Compte tenu de son potentiel, le dispositif pourrait être déployé dans d'autres barrages répartis du Nord au centre du pays, dans le but de maximiser son impact sur la gestion des ressources en eau et la production d’énergie renouvelable. Pour le ministère de l’Équipement, même si les économies d’eau générées par les panneaux solaires flottants restent limitées à l’échelle nationale, elles représentent néanmoins « un gain important » dans un contexte de stress hydrique croissant.

Par ailleurs, le dispositif intègre des mesures supplémentaires, telles que la plantation d’arbres le long des rives du réservoir. Cette initiative vise à atténuer l’effet desséchant du vent, contribuant ainsi à préserver davantage l’humidité de la zone et à renforcer la résilience de l’écosystème local face au changement climatique.



 

3 questions à Amine Hourairi « Il est crucial de garantir la stabilité des installations face aux changements du niveau d’eau »

Lutte contre la sécheresse :Booster la production grâce aux panneaux solaires flottants
Pour le président régional de l'Association des Enseignants des Sciences de la Vie et de la Terre (AESVT) à Tanger, Amine Hourairi, le bon fonctionnement du projet dépend de la stabilité des installations face aux variations du niveau de l’eau et aux intempéries.

- Que pensez-vous de l’efficacité du projet d’installation de panneaux solaires flottants et quels résultats peut-on en attendre ?

- Le projet repose sur l’installation de radeaux modulaires portant plusieurs milliers de panneaux photovoltaïques. Ces radeaux sont ancrés et reliés à la rive grâce à des passerelles et des câbles électriques. La puissance cible est d’environ 13 MW, destinée à alimenter le complexe portuaire de Tanger-Med. En couvrant la surface du lac, les panneaux limitent l’exposition directe de l’eau au soleil, réduisant ainsi l’évaporation. Le dispositif est donc efficace, mais son bon fonctionnement dépendra de la disponibilité suffisante en eau. Le projet vise à produire plus d’électricité grâce au refroidissement naturel et à réduire les émissions du port d’Oued Rmel. Il permet aussi de diminuer l’évaporation de l’eau d’environ 30 %, selon les premières estimations. La réussite dépend de la surface couverte, du vent et des saisons. Le site est en phase de tests et aucun bilan officiel n’a encore été publié.

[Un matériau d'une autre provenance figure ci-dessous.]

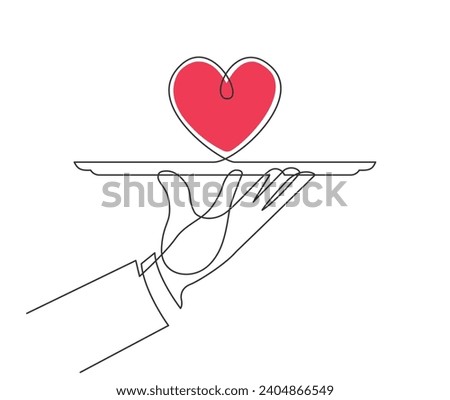 Continuous line drawing of waiters man holding heart on the tray stock illustration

- Quelles sont les principales limites ou difficultés rencontrées dans ce projet ?

- Les limites du projet concernent l’ancrage face aux variations du niveau de l’eau et aux intempéries. L’accès pour la maintenance et la gestion des câbles posent aussi des défis. Sur le plan environnemental, il faut surveiller la qualité de l’eau, la faune et les usages locaux. Enfin, les coûts sont plus élevés qu’au sol, mais compensés par une meilleure production et la préservation de l’eau.

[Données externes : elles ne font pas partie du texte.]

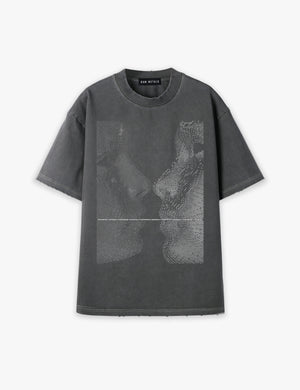 RAW METALS Phantom Kiss Oversized Distressed T-shirt in Charcoal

- Ce modèle est-il réplicable dans d'autres régions du Maroc confrontées à des défis similaires en matière de stress hydrique ?

Ce modèle peut être reproduit dans d’autres régions du Maroc, mais pas partout. Des études de faisabilité sont en cours pour deux projets similaires, l’un à Lalla Takerkoust près de Marrakech et l’autre à Oued El Makhazine, l’un des plus grands barrages du pays. Ce système fonctionne surtout sur des réservoirs dont la taille et les usages sont compatibles, avec peu de trafic nautique et des zones écologiquement adaptées. Pour étendre le projet, il faut aussi que les conditions de vent soient maîtrisables pour l’ancrage et que le site soit proche d’un besoin important en électricité comme un port ou une usine afin de limiter les coûts de raccordement.